## What this task involves
Note on the material below: return exactly the lines from the line that holds "Фотография к новости: На" through the line that holds "多機能スピーカー 黒 Bluetooth対応 ポータブルカラオケの画像", and leave out each picture.

Records for the exercise: Begin

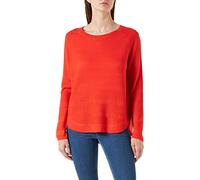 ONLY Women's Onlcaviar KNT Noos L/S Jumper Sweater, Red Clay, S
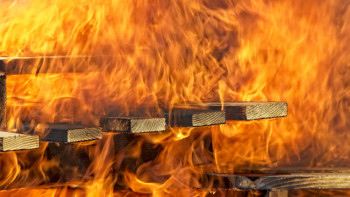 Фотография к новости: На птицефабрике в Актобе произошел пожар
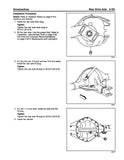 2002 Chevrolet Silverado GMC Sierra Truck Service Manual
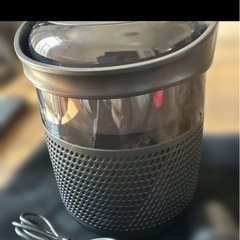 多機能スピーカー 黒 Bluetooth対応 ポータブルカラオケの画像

Records for the exercise: End
Records for the exercise: Begin

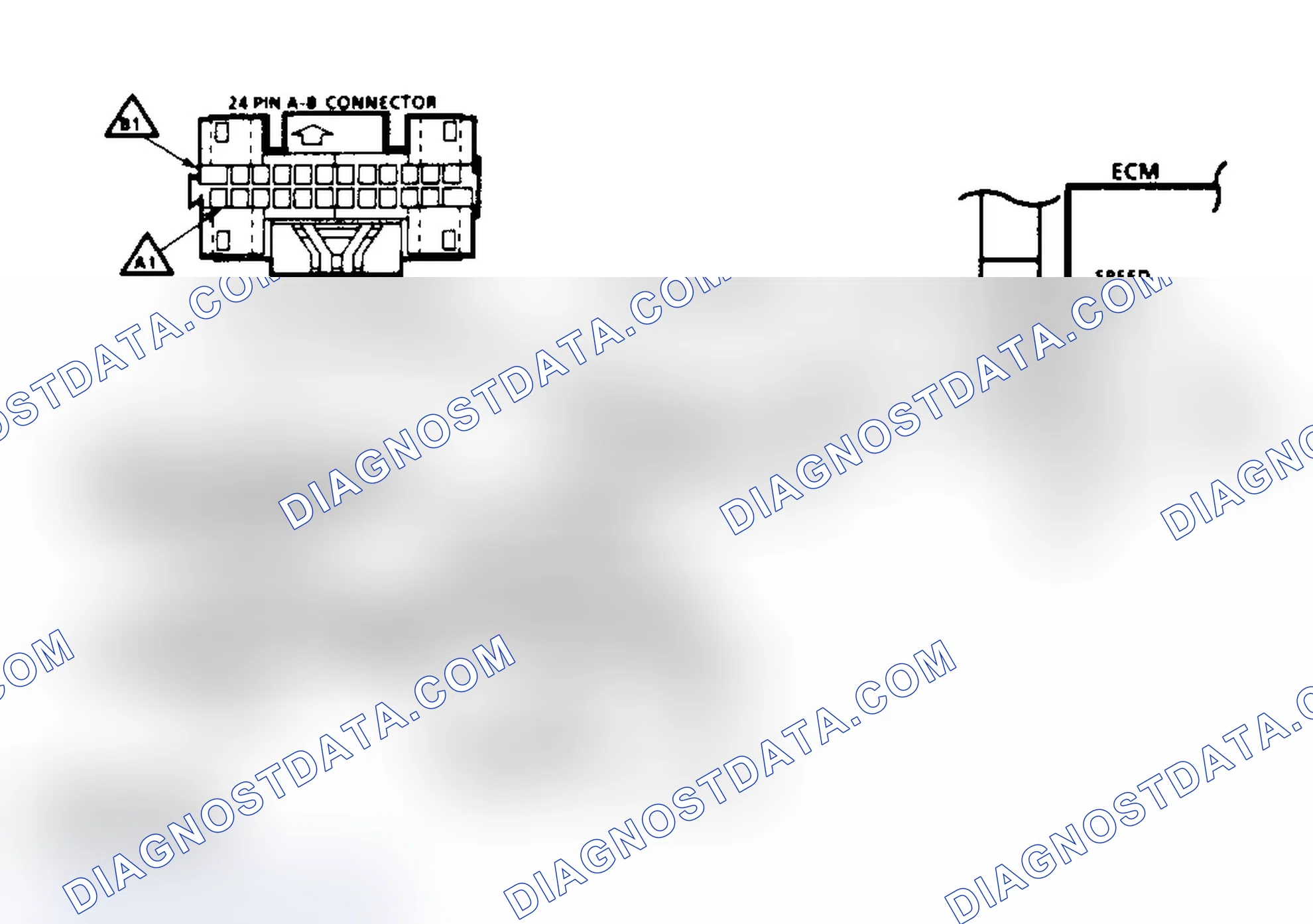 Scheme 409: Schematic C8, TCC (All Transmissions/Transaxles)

Records for the exercise: End

## Finished task
 Фотография к новости: На птицефабрике в Актобе произошел пожар
 2002 Chevrolet Silverado GMC Sierra Truck Service Manual
 多機能スピーカー 黒 Bluetooth対応 ポータブルカラオケの画像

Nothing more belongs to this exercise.